Luwero, Uganda | THE INDEPENDENT | At least 154,493 patients tested positive for malaria in Luwero in the 2020/21 financial year, a report by the District Health Department has revealed. This is out of the 165,999 people who were tested for malaria at various health facilities in the district.
The health department blames the surge in malaria cases on the decline in the use of insecticide-treated mosquito nets and living in areas that habit the vectors among other factors. According to the report, the district registers 932 cases of malaria per 1000 persons per year, which is above the district target of 198 cases per 1000 persons per year.
The report further shows that the malaria cases increased from 91.8 percent in the past year of 2019/20 to 93.1 percent in 2020/21. Another district performance monitoring and evaluation indicator survey describes the malaria cases as extremely high and recommended proactive measures to curb the situation.
Nusurah Nalwoga, a resident of Kigombe village in Luwero sub-county says that six of her grandchildren contracted malaria disease and many of them are still on malaria treatment.

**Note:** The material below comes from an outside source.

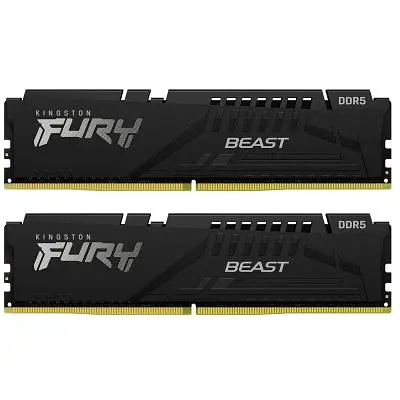 Модуль пам'яті для комп'ютера DDR5 64GB (2x32GB) 5600 MHz Beast EXPO Black Kingston Fury (ex.HyperX) (KF556C40BB2K2-64) - фото 7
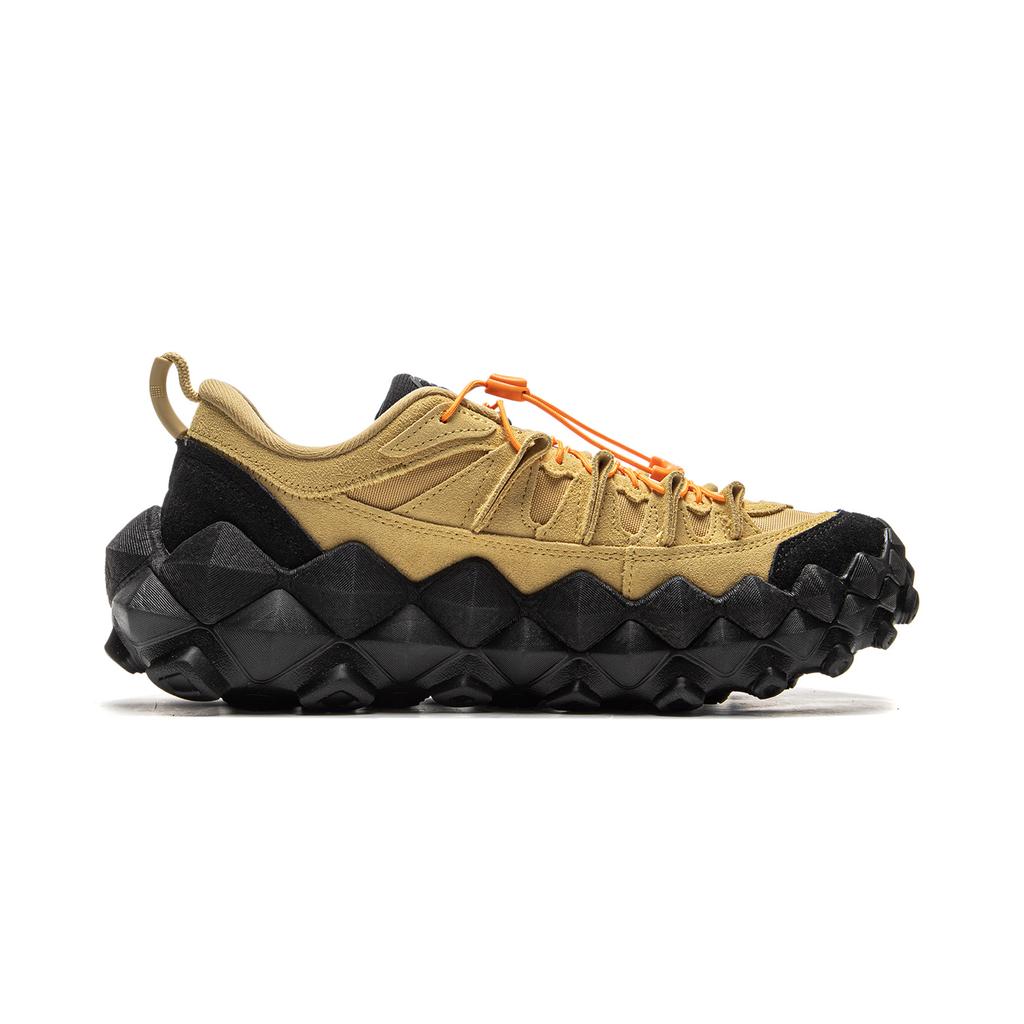 New LiNing Rebound Cushioning Low Top Casual Shoes Unisex Yellow Black AZGU181-4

She explains that she spent over Shillings 120,000 on injectables for each after they failed to respond to treatment by tablets. Nalwoga says that because of high bills, she has resorted to herbal medicine to cut down on medical bills.
Nalwoga says that although they sleep under nets, mosquitoes always bite them around 7 pm before they retire to bed.

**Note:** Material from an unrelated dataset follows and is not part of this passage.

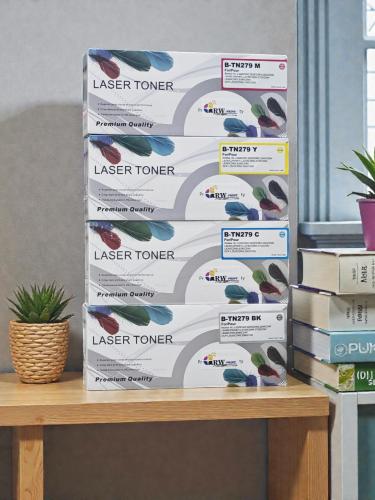 طقم حبر ليزر ملون براذر صيني -RW-TN-279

Samuel Musisi, a resident of Wabusana village in Kikyusa sub-county says that malaria now takes the largest share of his medical expense because almost every month, one or two children fall sick. Musisi says that the mosquitoes are on the increase due to stagnant water or bushes in their vicinity.

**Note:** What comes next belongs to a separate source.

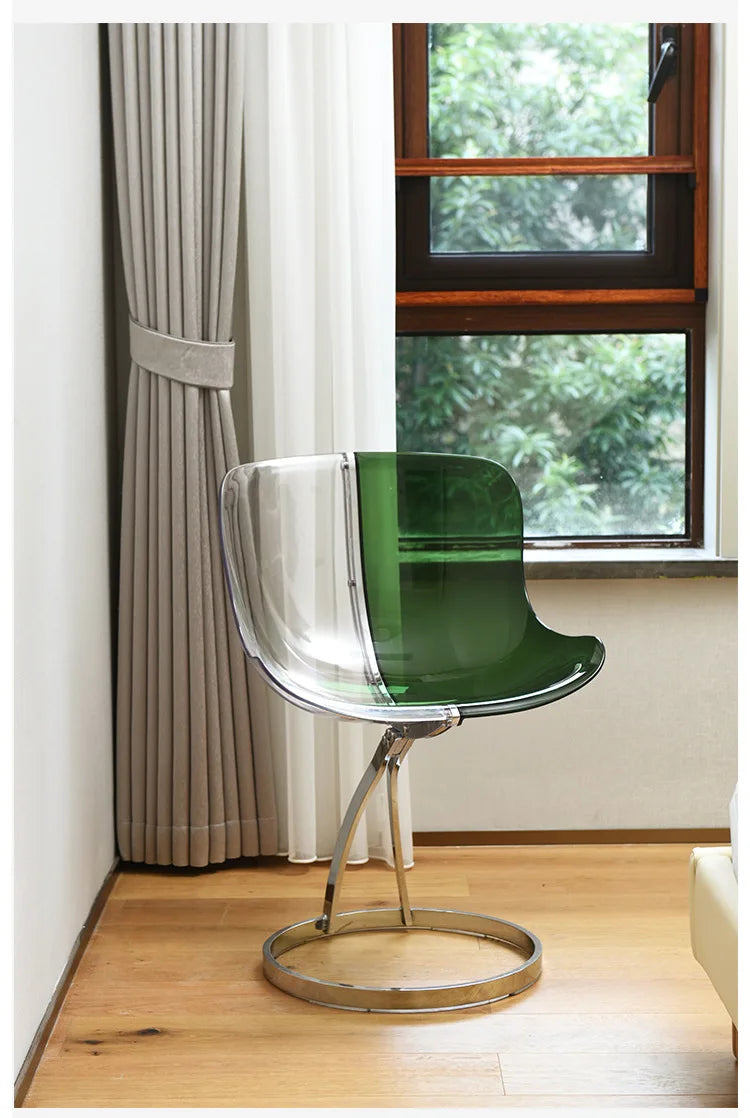 Furniture Nordic Transparent Acrylic Dining Chairs,Home Living Room Backrest Lounge Chairs,Bedroom Desks,Stool,Makeup Stools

Lydia Biira, another resident has asked the government to increase and ensure a steady supply of the anti-malaria drugs, saying that they are tired of visiting health centres where they are referred to private clinics.
The district report also shows that the number of pregnant women who received mosquito nets during their first antenatal care visit declined from 92.2% in 2019/20 to 62.9% in 2020/21.
Several in charge of health centers also decried shortage of anti-malaria drugs because of the high number of patients diagnosed with the disease. Issa Kawuma, the Luwero District Malaria Focal Person, said the shortage in mosquito nets or anti-malaria drugs is due to intermittent supply but this is being addressed.
Kawuma says that they have intensified the Integrated Community Case Management programme where Village Health Teams are provided with drugs to administer them to children below five years after testing them with Rapid Diagnosis Test kits.
The district didn’t provide figures for those who died as a result of malaria. However, in the financial year 2019/20, the disease claimed 40 people and was listed as the leading killer disease.